■ **The task**
From the records below, set down exactly the lines starting with the line that contains "Pepe Jeans Women's" and going on through the line that contains "GIRL COFFEE MUG". Nothing else is wanted.

■ **Data records**
....

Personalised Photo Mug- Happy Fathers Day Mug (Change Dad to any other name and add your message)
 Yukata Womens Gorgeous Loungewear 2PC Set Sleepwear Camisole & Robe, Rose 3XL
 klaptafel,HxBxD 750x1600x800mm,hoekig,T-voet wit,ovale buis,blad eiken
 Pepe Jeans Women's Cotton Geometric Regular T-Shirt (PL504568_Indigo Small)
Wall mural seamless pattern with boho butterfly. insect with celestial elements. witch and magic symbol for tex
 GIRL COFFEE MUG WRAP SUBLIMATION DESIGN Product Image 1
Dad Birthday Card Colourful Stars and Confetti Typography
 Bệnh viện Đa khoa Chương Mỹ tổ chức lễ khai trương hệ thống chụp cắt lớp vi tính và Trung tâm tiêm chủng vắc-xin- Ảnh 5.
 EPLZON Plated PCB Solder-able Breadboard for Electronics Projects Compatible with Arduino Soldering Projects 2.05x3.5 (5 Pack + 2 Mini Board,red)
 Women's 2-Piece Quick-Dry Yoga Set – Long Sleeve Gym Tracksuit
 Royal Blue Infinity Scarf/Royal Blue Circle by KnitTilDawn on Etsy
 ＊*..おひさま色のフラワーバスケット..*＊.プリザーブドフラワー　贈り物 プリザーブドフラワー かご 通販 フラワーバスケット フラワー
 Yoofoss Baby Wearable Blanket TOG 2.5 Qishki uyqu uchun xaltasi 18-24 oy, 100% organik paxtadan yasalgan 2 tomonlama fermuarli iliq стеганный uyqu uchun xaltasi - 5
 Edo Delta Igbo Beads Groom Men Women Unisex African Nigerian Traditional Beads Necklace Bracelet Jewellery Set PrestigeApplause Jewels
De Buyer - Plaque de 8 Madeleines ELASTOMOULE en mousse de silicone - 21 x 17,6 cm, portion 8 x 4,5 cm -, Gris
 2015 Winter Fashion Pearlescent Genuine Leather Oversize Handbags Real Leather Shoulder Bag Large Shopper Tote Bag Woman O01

....

■ **Answer to the exercise**
 Pepe Jeans Women's Cotton Geometric Regular T-Shirt (PL504568_Indigo Small)
Wall mural seamless pattern with boho butterfly. insect with celestial elements. witch and magic symbol for tex
 GIRL COFFEE MUG WRAP SUBLIMATION DESIGN Product Image 1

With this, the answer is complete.